Linear independence of basis vectors $\def\braket#1#2{\langle#1|#2\rangle}\def\bra#1{\langle#1}\def\ket#1{#1\rangle}$ Consider the vector space of functions $r(t)$ that are solutions of the differential equation $\frac{d^2r}{dt^2}-6\frac{dr}{dt}+9r=0$. Given two vectors $|\ket{x_1}=e^{3t}$ and $|\ket{x_2}=te^{3t}$, I must show that they form a basis in this space. To do this, I must show that they are independent. I am not sure if I should write $\alpha|\ket{x_1}+\beta|\ket{x_2}=\alpha e ^{3t}+\beta te^{3t}=0$ and show that $\alpha$ and $\beta$ are zero. Or, say $\alpha\begin{bmatrix}e^{3t}\\\0\end{bmatrix}+\beta\begin{bmatrix}0\\\ te^{3t}\end{bmatrix}=0$, which would give me two equations, $\alpha|\ket{x_1}=\alpha e^{3t}=0$, and $\beta|\ket{x_2}=\beta te^{3t}=0$ (a lot easier to show $\alpha$ and $\beta$ must be zero). Or, is my notation all messed up? Or, are they the same thing? Thank you

Another approach would be to calculate the Wronskian.

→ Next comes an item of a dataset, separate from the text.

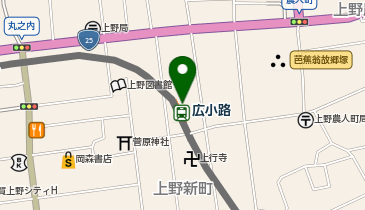 公衆トイレの地図画像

The Wronskian of a finite family $f_1,\ldots, f_n$ of functions, which are $(n – 1)$ times differentiable on an interval $I$ is defined as the determinant $$W(f_1,\ldots,f_n)(x)= \begin{vmatrix} f_1(x) & \cdots & f_n(x) \\\ f_1'(x) & \cdots & f_n'(x) \\\ \vdots & \vdots & \vdots \\\ f_1^{(n-1)}(x) & \cdots & f_n^{(n-1)}(x) \end{vmatrix}, \ x \in I.$$

If $W(f_1,\ldots,f_n)(x) \
eq 0$ for some $x \in I$, then the set $\\{f_1,\ldots,f_n\\}$ is linearly independent.

In your case, we would have that

$$W(e^{3t},te^{3t})= \begin{vmatrix} e^{3t} & te^{3t} \\\ 3e^{3t} & e^{3t} + 3te^{3t} \end{vmatrix}=e^{6t} > 0 \ \ \ \forall \ t \in \mathbb{R}.$$ Hence the set $\\{e^{3t},te^{3t}\\}$ is linearly independent.